Unfortunately, more than a decade after its initial implementation, the full potential of cancer MDTs remains largely unrealised. Little evidence has been collected to justify the claimed benefits of the MDT model. The theoretical assumption that the MDT would ensure high-quality, evidence-based decision making, optimum treatment planning and delivery of care, remains untested and unsupported by data. Many recently published studies have specifically raised concerns over the lack of evidence about the benefits of cancer MDTs given the time and resources that MDTs require. A large national survey of more than 2000 cancer MDT members was recently conducted in the United Kingdom and the majority of respondents stressed the urgent need to support this crucial but overburdened forum for decision-making.

The broad hypotheses of our research are that if the cancer MDT is provided with a practical and flexible decision support platform, capable of capturing diverse evidence formats, integrating the evidence into decision-making in a patient-specific way and respecting the MDT’s autonomy, then the quality of MDT decisions will be improved and more consistent, transparent, evidence-based care will be delivered to cancer patients. A novel computerised decision support system called MATE has been developed to address these challenges. MATE is based on PROforma technology pioneered at Cancer Research UK.

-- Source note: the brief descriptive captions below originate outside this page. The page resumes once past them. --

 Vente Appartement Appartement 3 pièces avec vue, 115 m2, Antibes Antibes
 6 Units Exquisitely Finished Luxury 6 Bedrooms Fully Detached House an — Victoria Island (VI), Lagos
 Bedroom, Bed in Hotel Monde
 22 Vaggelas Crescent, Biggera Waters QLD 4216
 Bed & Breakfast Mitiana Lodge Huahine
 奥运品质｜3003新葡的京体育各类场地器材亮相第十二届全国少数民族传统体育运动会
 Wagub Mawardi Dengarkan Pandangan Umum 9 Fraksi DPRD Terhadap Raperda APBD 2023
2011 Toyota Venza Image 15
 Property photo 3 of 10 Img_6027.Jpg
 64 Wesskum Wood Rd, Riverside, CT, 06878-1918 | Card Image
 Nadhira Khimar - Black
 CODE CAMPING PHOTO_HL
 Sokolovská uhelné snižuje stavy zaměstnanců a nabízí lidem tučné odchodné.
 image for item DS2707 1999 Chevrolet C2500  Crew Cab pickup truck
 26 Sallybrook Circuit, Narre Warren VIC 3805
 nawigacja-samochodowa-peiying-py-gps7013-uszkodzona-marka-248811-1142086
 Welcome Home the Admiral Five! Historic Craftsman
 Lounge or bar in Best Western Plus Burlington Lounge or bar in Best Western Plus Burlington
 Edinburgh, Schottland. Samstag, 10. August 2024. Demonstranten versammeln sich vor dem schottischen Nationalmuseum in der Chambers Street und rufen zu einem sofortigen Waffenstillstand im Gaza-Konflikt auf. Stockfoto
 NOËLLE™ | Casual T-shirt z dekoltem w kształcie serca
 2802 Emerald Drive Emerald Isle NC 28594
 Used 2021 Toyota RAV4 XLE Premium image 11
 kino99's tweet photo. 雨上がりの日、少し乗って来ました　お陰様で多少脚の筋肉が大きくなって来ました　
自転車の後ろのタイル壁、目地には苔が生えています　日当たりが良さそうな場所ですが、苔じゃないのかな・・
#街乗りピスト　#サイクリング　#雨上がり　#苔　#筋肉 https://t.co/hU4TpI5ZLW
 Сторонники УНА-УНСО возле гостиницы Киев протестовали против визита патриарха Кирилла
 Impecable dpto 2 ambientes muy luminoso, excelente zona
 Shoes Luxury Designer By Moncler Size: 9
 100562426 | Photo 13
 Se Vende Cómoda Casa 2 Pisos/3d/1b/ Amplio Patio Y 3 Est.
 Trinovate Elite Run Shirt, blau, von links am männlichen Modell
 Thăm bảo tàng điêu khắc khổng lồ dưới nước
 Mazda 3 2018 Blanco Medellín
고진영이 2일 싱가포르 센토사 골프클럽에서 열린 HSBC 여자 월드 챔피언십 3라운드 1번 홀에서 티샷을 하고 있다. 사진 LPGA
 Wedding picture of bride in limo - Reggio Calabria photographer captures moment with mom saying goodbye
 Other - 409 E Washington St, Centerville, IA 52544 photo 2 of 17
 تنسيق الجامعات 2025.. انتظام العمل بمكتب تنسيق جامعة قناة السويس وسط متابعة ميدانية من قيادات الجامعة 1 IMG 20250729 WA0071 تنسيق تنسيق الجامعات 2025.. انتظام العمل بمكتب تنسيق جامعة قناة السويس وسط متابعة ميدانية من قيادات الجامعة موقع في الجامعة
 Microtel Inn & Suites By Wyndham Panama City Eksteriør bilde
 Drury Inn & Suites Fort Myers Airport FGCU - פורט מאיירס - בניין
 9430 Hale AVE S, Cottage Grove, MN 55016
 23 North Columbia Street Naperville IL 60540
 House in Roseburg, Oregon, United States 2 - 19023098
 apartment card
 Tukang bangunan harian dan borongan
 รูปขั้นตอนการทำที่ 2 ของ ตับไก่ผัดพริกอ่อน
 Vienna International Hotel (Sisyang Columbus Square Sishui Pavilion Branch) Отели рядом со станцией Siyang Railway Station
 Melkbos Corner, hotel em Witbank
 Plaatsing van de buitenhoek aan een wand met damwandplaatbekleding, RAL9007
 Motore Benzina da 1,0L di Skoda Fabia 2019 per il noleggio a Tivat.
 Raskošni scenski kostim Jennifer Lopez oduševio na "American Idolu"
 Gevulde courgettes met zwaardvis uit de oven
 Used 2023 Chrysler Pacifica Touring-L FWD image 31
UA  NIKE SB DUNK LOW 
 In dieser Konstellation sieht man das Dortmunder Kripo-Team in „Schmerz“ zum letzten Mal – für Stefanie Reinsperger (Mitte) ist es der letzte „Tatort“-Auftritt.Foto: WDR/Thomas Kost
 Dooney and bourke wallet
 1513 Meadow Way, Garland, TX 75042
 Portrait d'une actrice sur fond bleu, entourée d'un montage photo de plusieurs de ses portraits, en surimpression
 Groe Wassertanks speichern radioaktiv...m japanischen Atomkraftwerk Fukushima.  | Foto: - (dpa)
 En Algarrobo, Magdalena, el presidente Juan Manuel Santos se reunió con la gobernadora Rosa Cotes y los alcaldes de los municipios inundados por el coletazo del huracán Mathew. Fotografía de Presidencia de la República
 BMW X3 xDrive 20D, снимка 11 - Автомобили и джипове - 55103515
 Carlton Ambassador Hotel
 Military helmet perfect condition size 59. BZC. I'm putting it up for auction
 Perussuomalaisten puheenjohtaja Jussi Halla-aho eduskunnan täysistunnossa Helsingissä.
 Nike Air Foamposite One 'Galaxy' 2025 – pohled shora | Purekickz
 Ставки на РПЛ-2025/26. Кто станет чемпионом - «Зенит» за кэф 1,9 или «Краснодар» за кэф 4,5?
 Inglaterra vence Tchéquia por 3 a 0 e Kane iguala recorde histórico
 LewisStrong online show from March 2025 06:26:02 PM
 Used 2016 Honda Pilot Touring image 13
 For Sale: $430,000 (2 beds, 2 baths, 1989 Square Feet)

The initial results of MATE are very promising. We have collected data on more than 1,000 breast cases presented at the breast MDT meetings in the Royal Free Hospital. The MATE system was able to suggest treatment recommendations in concordance with evidence-based guidelines in 98% of the cases. MATE also identified 38% more patients suitable for recruitment into ongoing national and regional research trials.

We believe that deviations that occur in unaided MDT meetings can be minimized using MATE. The system could also significantly improve transparency and documentation of MDT decisions and increase the rate of accrual into research trials. To test this hypothesis, we are running a randomised controlled trial in the Royal Free Hospital.